Losing things. There is the event of losing a favorite object–or not being compensated appropriately for a favorite object, which I think is part of the huge interest in The Antiques Road Show. What if my soup tureen is worth alot of money and someone rips me off?

I always remember Bruce Chatwin’s book On The Black Hill. Adult twin brothers live in their family home in the Welsh countryside. They have a fear of antique pickers coming to their door.

I once lost a Noguchi Hurricane dining table in my twenties to some dealer acquaintances. I took a very low price for it as I didn’t like it (over all too high for my chairs). I didn’t know what it was until later, but I did find it in the basement of an apartment building, so it all works out.
I purchased a mask this week.

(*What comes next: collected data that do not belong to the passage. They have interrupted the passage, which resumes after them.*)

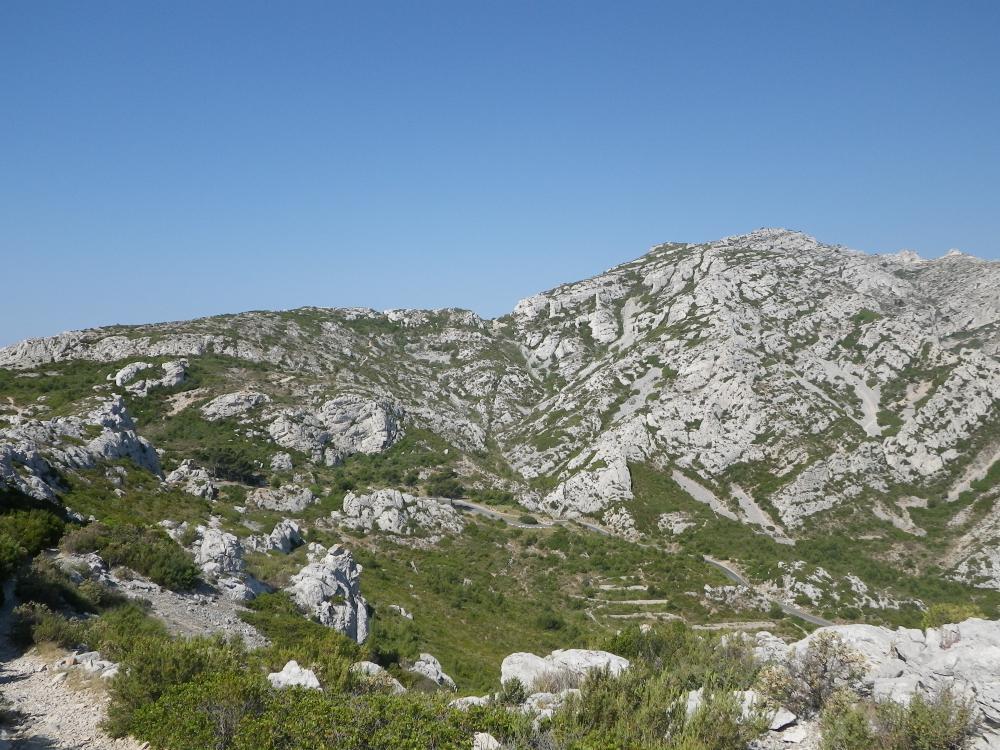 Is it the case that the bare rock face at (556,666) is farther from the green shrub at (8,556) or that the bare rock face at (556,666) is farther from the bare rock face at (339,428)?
the bare rock face at (339,428)

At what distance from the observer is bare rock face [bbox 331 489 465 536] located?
65.6 metres

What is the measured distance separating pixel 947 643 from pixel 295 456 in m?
82.2

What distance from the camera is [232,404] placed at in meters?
86.9

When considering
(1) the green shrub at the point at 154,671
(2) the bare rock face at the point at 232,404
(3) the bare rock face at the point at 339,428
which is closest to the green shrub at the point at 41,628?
(1) the green shrub at the point at 154,671

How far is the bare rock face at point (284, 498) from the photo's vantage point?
6281 centimetres

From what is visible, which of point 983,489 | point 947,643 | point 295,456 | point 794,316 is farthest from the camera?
point 794,316

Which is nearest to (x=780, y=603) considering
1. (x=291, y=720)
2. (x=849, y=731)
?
(x=849, y=731)

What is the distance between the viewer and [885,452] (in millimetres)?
86000

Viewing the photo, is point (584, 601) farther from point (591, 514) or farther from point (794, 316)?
point (794, 316)

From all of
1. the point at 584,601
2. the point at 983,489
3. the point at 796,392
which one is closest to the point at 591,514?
the point at 584,601

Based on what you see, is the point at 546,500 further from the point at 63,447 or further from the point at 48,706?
the point at 48,706

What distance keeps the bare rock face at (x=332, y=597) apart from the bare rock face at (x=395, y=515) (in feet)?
108

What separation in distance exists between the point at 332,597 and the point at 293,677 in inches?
629

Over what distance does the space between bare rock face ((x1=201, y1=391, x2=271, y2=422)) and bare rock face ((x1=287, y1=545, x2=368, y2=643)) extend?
62098mm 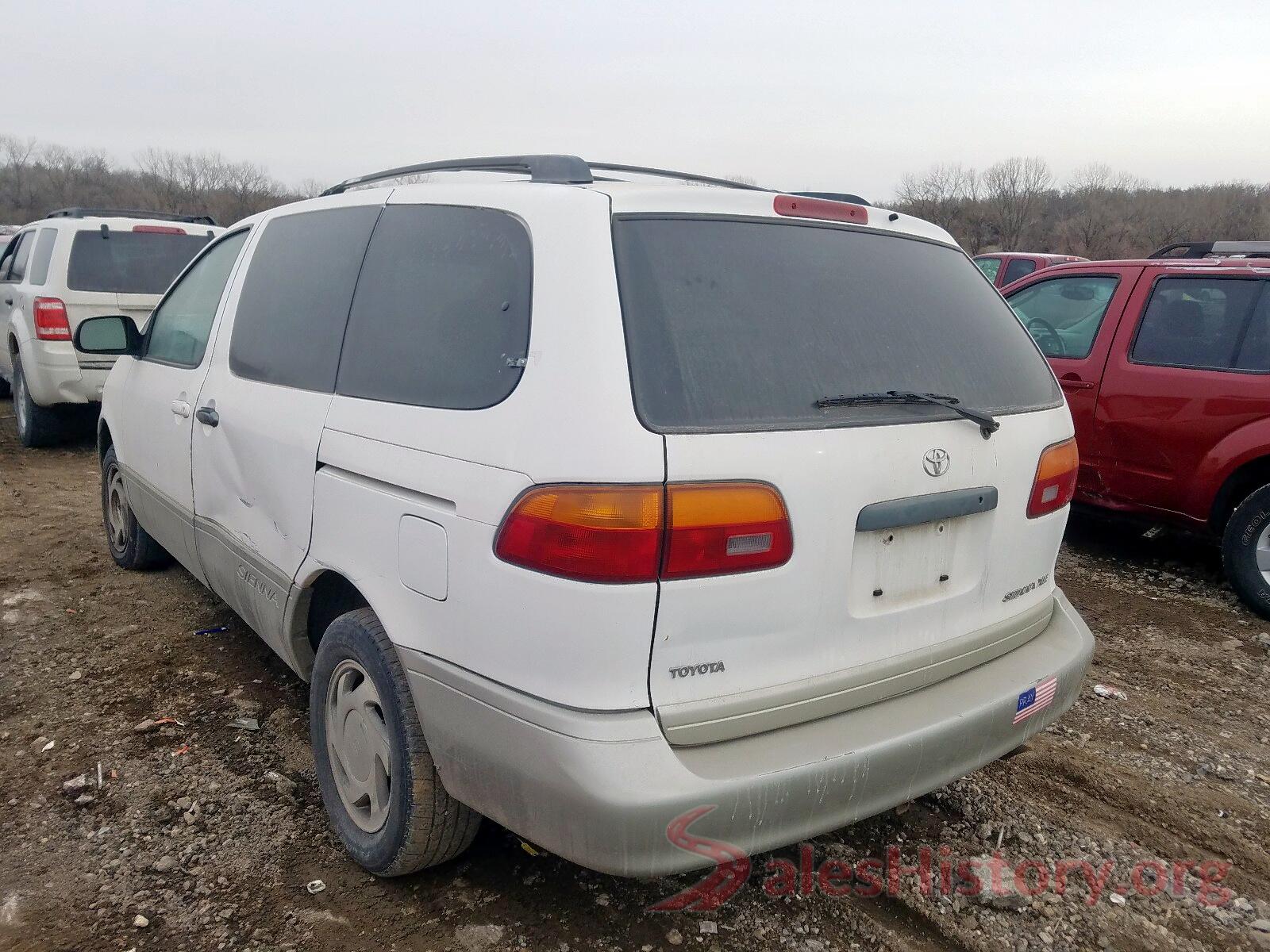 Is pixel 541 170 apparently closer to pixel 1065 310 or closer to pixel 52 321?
pixel 1065 310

It’s intricately made out of peacock feathers. It’s horrifyingly ugly and fascinatingly beautiful at the same time. Not quite a hat but check out this link: BILL CUNNINGHAM.
Isabella is that you in the white shirt dress? I must start packing for my trip to NYC.

San Juan Capistrano

November 19th, 2007

Daniel Pontius

San Juan Capistrano is a charming stop on the train from San Diego to Los Angeles. There is a antiques place on the main road that a dealer friend of mine would describe as being full of brown antiques .
I did like these Italian tole sconces. As I stood there looking at them, I found them most agreeable. I would quite like to see them electrified with with bright acid yellow silk shades on either side of a mirror in a powder room. It seems that as design goes, most people are too concerned with being careful, trying to make the tasteful choice or doing what they think is right–but style, as they say, takes commitment.

My good friend Isabella got so bothered by the designers she worked with that she started leaving out Christmas ornaments in depression era bowls on sidetables all year round. As if she forgot to put all the decorations away. She left the oddly muted orange painted wall in her living room and her collection of mismatched jars and vases grew as well as her piles of books and book shelves. Her bedroom became her own little haven where she painted the walls mauve and left her bird’s cage sitting on top of a high bookshelf after he had gone as a memento. The last I saw it there was Victorian embroidered dressing screen shoved in the corner barely hiding a file cabinet with a pashmina draped over her desk. Her husband, an avid squash player, collected vintage rackets which were displayed down her meandering hallway on a blueish gray wall.
Designers design but not many create. Isabella’s contrary approach created something quite wonderful which was for her natural and well styled, but of course not for everyone, which is really the point.